"""

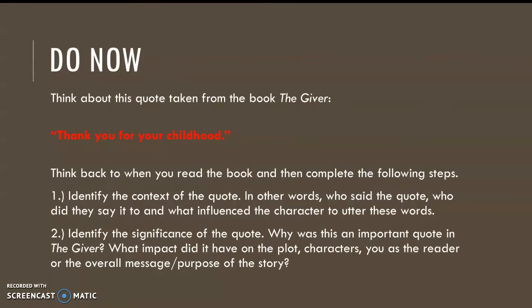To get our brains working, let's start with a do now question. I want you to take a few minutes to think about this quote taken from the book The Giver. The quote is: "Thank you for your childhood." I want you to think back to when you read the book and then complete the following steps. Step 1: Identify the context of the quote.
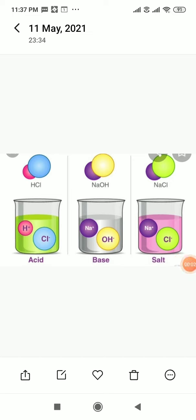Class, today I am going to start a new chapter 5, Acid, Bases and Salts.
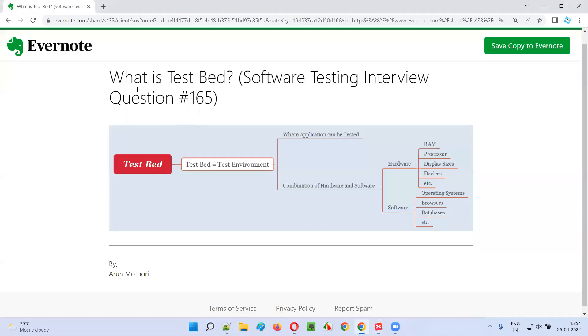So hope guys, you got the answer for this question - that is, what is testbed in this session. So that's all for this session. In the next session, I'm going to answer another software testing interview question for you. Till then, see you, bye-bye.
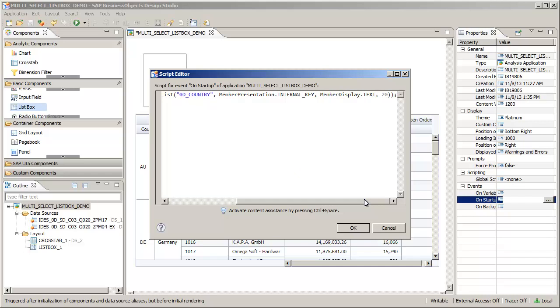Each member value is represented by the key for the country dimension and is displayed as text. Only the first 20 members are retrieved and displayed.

"""

Retype the listing above exactly, please. Pictures do not belong in the copy.

To get our brains working, let's start with a do now question. I want you to take a few minutes to think about this quote taken from the book The Giver. The quote is: "Thank you for your childhood." I want you to think back to when you read the book and then complete the following steps. Step 1: Identify the context of the quote.
Class, today I am going to start a new chapter 5, Acid, Bases and Salts.
So hope guys, you got the answer for this question - that is, what is testbed in this session. So that's all for this session. In the next session, I'm going to answer another software testing interview question for you. Till then, see you, bye-bye.
Each member value is represented by the key for the country dimension and is displayed as text. Only the first 20 members are retrieved and displayed.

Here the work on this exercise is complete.